J'assume de ne pas ressentir le besoin d'enfant. Je ne souhaite pas ajouter un être au tableau. Égoïste moi ? Oui, je pense à moi en n'ayant pas d'enfant parce que je n'en veux pas. Est-ce forcément "mauvais" de penser à soi ? Est-ce moins égoïste de faire naître un enfant quand on ne se sent pas capable de l'aimer et de le protéger comme il se devrait en lui apportant tout ce dont il a besoin financièrement et affectueusement ? Est-ce moins égoïste de faire naître un bébé (qui lui n'a rien demandé au passage) dans ce monde pour une envie personnelle d'aimer ses propres gènes ? Sa continuité physique ? Mes parents dans l'histoire ? Bah justement, c'est mon histoire. Iels ont eu la leur. Leurs enfants. Mon mec ? Il a aussi sa vie, ses propres désirs, et tant mieux si nous avons les mêmes. Mes beaux-parents ? Mais attendez, on parle de moi qui devrai potentiellement tomber enceinte, accoucher, m'occuper des gamin.es jusqu'à la fin de mon existence ou d'Autrui encore une fois ?

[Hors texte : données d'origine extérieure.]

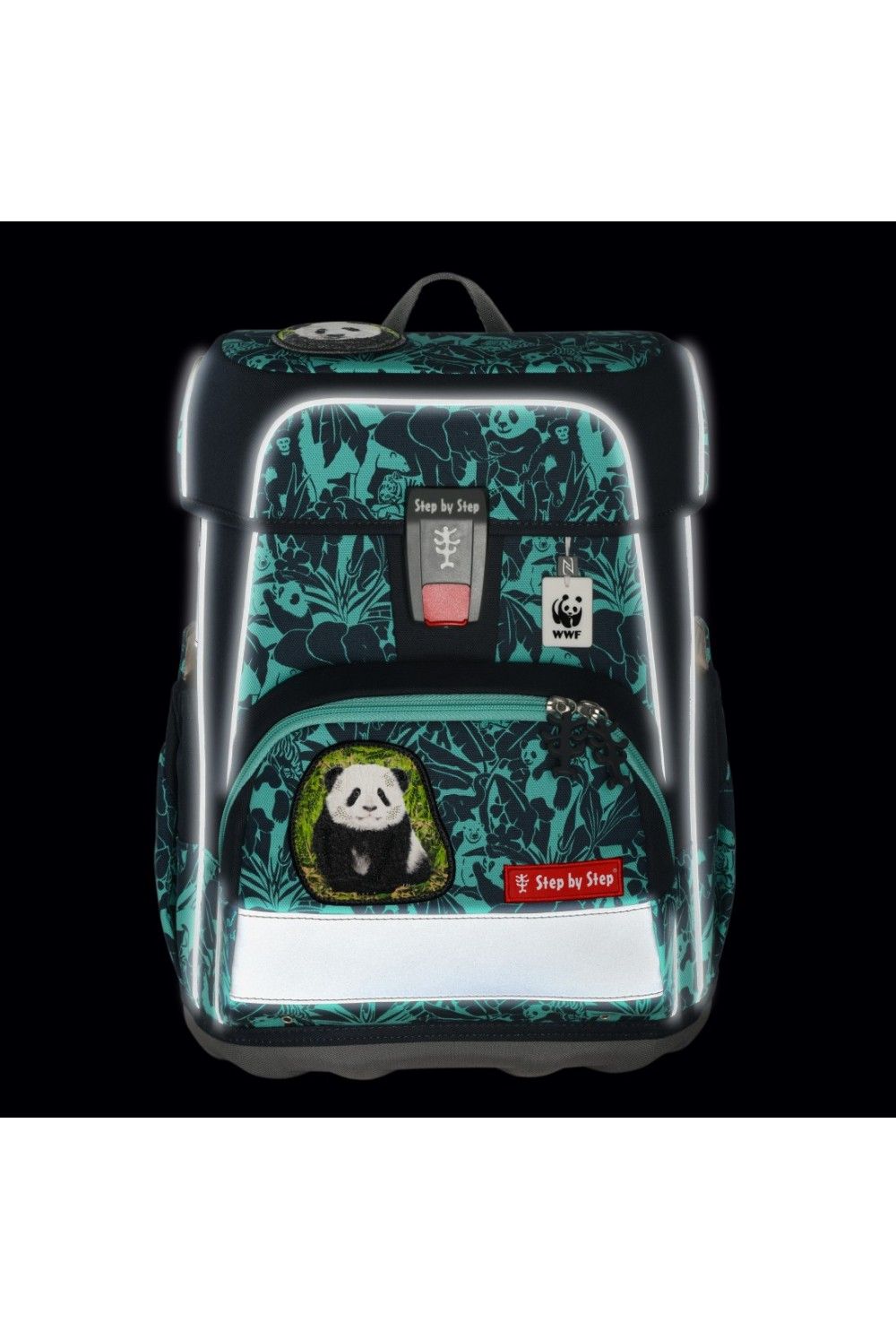 Step by Step Cloud WWF School backpack set 5 pieces Little Panda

Pire,... "Sois contente que j'ai fait ton homme, sinon vous ne seriez pas ensemble" m'a-t-on lancé une fois en rigolant (et je le sais, avec plein d'amour, sans aucun jugement). Cette phrase m'a fait énormément réfléchir à quelque chose pour laquelle j'ai déjà posé ma réflexion. Faire des enfants pour les enfants d'autrui,... Mais jusqu'où allons-nous ? Ça me donne cette impression d'être l'agneau face au loup version revisitée : si ce n'est pas pour lui, toi ou moi, c'est pour ceux des autres moutons. J'aime ma vie actuelle, telle qu'elle s'offre à moi. Oui, j'ai des moments de doutes, des épisodes dépressifs liés à mon passé et à mon anxiété, mais j'aime la liberté que je me donne le droit d'avoir. Ne pas m'imposer d'horaires ni même de lieux, des attentes, des maladies, des écoles, des sacrifices, des peurs de mal faire, de manquer de quelque chose, qu'iels manquent de quelque chose, d'être moi aussi et peut-être, une mère mal aimante car je n'ai pas la force et la stabilité,...

Ma santé mentale et physique ne supporterait simplement pas un enfant. J'ai mes propres traumas, mes propres fragilités, mes propres angoisses. I mean,... Je suis déjà bien trop cernée sur cette photo sans enfant, alors imaginez avec ? Plus sérieusement... J'ai un retard de sommeil qui rendrait jalouse une colonie de fourmis. Une hypersensibilité mise à rude épreuve chaque fois que je fous le nez, l'œil ou encore l'oreille dehors. Je ne supporte même pas un cri d'enfant dans la rue du 5ème étage... Je n'ai pas ou plus de patience, je ne suis pas bonne pédagogue, je suis beaucoup trop maniaque, je ne veux pas que quelqu'un.e soit dépendant.e physiquement ou psychologiquement de moi, pour mon bien-être mais surtout pour le sien,... tant de raisons intrinsèquement liées à qui je suis simplement et qui je ne veux plus changer ou travestir.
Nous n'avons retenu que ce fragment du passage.